=== RECORDS SUPPLIED ===

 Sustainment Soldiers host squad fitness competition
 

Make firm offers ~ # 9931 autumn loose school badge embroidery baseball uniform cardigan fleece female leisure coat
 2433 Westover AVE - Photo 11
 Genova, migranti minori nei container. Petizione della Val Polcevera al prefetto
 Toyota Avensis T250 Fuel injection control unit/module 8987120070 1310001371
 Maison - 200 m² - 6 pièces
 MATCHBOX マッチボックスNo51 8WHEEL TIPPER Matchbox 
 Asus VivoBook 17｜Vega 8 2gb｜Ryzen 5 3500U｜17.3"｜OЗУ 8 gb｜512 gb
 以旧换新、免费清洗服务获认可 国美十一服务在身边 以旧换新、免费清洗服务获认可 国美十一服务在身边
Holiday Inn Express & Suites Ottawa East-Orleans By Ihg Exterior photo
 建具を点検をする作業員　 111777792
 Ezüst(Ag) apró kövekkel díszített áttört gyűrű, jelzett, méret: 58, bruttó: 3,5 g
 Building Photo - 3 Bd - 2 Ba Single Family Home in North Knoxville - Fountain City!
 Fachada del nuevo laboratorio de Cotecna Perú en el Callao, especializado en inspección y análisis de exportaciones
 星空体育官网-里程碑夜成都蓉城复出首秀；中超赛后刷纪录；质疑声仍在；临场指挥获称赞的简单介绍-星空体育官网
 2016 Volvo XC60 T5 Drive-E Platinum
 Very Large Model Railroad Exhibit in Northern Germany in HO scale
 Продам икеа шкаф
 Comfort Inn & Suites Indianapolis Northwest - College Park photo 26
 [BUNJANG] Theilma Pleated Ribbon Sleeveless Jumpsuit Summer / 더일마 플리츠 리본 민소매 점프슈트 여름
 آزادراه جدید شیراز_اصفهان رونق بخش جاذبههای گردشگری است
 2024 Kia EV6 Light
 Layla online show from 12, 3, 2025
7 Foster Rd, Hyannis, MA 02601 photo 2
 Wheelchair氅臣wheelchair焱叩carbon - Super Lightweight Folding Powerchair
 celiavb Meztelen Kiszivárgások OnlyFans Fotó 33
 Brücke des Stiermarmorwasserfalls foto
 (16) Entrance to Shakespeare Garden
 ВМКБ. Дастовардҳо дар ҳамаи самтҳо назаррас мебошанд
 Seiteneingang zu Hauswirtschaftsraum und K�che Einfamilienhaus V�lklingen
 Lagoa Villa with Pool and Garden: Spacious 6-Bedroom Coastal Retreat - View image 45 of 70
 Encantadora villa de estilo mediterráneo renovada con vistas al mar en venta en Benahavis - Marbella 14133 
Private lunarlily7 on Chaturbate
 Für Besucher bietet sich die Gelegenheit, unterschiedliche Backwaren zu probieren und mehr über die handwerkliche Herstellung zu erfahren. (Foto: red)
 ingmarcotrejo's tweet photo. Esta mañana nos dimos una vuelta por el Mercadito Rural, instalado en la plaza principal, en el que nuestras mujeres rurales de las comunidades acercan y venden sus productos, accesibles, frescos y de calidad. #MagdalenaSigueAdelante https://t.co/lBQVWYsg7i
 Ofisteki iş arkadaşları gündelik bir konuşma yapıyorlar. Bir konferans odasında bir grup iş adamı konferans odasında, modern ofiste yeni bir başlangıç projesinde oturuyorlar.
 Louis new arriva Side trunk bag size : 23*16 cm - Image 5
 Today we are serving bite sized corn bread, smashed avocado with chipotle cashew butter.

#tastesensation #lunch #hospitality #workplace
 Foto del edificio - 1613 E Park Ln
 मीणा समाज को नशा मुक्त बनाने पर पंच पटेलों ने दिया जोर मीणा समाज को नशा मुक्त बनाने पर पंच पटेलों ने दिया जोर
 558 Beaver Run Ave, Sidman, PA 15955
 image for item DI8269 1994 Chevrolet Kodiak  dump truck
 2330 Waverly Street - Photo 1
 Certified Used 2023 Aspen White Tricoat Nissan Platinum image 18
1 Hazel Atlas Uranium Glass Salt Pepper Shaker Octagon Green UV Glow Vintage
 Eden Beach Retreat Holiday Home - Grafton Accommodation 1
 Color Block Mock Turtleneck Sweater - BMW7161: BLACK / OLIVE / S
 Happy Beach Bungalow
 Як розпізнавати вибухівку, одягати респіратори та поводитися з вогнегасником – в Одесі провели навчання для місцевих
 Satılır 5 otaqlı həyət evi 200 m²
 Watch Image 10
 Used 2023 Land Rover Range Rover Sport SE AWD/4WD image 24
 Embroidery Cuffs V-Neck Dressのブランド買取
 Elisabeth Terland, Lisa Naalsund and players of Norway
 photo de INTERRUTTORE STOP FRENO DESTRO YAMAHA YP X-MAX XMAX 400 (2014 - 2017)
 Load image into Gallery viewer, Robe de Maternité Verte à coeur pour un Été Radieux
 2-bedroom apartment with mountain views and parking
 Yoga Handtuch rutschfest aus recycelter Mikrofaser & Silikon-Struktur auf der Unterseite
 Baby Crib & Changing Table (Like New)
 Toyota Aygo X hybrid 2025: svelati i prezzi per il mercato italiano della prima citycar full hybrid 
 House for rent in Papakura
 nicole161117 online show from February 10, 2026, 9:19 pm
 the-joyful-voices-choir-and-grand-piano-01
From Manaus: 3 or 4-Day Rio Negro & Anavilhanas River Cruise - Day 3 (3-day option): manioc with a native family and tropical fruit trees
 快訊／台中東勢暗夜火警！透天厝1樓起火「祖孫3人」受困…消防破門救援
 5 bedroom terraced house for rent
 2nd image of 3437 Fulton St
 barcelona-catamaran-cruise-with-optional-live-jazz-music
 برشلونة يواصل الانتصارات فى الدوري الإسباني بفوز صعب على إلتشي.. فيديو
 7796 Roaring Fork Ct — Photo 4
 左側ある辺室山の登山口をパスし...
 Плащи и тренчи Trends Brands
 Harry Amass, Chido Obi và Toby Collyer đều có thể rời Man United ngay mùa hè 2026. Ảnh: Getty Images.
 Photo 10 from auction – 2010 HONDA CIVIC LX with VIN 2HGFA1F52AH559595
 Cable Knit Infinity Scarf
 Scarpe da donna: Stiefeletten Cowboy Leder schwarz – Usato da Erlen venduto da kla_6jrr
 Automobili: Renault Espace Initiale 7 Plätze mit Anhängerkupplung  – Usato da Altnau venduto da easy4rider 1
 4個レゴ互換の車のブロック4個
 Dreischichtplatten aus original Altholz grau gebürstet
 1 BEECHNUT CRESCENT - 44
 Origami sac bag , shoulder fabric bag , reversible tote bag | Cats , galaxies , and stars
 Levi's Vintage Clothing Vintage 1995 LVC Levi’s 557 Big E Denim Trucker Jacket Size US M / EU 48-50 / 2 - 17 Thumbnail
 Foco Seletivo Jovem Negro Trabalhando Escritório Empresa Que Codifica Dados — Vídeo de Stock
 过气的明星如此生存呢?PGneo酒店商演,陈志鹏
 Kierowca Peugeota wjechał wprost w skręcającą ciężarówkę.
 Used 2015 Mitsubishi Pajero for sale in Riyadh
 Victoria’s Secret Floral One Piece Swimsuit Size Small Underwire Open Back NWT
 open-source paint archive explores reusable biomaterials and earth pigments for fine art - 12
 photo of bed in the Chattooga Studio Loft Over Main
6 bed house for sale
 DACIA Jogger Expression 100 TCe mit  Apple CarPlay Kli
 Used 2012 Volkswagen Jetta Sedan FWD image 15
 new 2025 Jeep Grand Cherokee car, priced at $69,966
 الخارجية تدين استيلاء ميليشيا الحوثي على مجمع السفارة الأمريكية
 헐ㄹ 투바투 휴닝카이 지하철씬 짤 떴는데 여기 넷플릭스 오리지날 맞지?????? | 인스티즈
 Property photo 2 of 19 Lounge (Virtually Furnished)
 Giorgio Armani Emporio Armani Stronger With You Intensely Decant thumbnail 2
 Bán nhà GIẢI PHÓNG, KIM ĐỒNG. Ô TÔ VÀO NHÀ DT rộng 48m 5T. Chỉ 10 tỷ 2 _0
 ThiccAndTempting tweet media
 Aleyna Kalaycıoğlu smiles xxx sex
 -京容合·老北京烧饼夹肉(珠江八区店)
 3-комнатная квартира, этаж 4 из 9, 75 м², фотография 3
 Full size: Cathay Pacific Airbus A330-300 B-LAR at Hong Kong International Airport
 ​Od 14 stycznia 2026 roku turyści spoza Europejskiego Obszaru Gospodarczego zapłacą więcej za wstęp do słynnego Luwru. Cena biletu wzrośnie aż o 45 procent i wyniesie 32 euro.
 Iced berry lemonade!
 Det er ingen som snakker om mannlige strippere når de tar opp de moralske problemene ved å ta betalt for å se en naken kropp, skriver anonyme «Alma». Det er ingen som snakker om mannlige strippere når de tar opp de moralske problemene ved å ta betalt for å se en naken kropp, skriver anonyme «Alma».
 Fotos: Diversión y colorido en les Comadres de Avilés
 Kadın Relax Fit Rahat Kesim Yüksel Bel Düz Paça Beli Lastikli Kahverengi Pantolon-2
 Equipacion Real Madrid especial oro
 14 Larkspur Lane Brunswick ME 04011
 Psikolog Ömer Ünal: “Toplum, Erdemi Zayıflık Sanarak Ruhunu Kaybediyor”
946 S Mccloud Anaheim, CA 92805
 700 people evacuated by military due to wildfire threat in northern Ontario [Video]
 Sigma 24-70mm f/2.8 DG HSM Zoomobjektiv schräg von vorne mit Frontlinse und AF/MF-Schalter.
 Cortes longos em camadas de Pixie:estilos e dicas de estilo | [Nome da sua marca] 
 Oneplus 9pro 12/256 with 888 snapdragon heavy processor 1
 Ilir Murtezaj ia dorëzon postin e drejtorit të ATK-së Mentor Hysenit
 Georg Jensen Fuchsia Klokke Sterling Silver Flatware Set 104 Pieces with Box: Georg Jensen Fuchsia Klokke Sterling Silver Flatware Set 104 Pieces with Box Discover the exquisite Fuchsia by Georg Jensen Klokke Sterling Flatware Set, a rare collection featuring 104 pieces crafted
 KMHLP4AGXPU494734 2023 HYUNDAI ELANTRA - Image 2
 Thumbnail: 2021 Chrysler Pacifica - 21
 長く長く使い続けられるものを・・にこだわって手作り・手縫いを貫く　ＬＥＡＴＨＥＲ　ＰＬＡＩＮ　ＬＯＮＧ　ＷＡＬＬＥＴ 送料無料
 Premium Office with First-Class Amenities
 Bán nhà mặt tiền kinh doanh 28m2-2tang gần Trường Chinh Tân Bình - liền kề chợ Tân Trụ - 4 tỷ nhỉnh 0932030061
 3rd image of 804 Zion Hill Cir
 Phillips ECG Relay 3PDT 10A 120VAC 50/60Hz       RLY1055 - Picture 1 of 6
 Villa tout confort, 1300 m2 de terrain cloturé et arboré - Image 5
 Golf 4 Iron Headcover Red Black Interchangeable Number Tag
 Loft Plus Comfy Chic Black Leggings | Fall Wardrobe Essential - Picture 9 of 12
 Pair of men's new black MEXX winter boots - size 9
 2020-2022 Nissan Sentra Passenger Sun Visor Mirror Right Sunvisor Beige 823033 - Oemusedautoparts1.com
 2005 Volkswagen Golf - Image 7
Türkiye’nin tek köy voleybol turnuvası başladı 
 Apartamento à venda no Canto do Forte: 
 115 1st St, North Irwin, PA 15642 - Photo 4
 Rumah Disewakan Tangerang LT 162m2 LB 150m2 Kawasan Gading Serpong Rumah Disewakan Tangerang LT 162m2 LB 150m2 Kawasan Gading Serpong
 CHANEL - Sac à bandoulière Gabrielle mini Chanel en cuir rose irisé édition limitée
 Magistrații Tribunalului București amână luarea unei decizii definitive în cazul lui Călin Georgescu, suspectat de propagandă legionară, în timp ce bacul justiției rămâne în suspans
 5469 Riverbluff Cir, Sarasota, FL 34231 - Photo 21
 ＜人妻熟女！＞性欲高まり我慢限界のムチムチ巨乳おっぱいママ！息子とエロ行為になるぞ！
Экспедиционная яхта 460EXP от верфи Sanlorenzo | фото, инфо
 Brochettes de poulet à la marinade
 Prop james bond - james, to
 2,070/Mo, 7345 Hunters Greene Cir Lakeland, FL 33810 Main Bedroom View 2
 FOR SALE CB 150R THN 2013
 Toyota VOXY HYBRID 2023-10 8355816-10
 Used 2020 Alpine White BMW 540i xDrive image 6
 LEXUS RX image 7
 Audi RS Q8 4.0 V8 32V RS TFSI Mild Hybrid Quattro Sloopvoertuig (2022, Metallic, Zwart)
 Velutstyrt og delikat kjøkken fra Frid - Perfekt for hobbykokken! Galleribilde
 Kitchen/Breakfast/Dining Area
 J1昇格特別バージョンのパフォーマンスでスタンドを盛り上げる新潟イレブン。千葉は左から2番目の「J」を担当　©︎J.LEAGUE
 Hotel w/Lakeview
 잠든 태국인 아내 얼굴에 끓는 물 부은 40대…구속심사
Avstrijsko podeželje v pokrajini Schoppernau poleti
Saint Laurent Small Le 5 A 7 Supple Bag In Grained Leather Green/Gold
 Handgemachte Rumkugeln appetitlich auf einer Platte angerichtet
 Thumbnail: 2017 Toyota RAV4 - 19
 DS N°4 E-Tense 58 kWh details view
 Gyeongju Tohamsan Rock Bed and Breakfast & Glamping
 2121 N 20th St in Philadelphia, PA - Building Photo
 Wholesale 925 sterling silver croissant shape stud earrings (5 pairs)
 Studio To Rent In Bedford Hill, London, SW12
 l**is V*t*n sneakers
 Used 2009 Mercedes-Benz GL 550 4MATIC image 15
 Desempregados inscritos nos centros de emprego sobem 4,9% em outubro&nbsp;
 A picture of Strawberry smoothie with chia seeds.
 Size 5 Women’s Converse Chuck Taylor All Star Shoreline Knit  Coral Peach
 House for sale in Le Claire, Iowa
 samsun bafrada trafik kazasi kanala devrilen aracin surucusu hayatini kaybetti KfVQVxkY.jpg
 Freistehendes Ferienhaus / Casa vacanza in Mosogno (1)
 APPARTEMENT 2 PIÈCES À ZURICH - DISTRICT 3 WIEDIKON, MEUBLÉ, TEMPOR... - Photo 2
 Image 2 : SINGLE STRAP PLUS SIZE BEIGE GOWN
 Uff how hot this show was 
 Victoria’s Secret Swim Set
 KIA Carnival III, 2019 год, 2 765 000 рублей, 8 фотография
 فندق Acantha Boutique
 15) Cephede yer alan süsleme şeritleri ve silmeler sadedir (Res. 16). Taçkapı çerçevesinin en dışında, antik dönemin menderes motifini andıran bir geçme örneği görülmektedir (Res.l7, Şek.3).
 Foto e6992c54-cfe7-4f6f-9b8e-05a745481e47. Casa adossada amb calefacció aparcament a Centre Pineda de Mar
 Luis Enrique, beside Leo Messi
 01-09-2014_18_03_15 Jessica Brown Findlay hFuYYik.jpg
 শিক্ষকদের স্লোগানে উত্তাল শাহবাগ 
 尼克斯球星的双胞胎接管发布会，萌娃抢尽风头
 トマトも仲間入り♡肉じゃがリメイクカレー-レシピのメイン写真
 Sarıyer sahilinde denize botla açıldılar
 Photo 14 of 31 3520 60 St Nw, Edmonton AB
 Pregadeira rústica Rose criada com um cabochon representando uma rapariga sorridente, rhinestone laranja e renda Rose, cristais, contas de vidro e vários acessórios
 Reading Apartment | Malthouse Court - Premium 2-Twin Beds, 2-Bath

===

WHAT YOU NEED TO DO
Using the data above, transcribe the lines that run from the line with "5469 Riverbluff Cir, Sarasota, FL" to the line with "2,070/Mo, 7345 Hunters", both ends kept, and output nothing else.

EXERCISE RESPONSE
 5469 Riverbluff Cir, Sarasota, FL 34231 - Photo 21
 ＜人妻熟女！＞性欲高まり我慢限界のムチムチ巨乳おっぱいママ！息子とエロ行為になるぞ！
Экспедиционная яхта 460EXP от верфи Sanlorenzo | фото, инфо
 Brochettes de poulet à la marinade
 Prop james bond - james, to
 2,070/Mo, 7345 Hunters Greene Cir Lakeland, FL 33810 Main Bedroom View 2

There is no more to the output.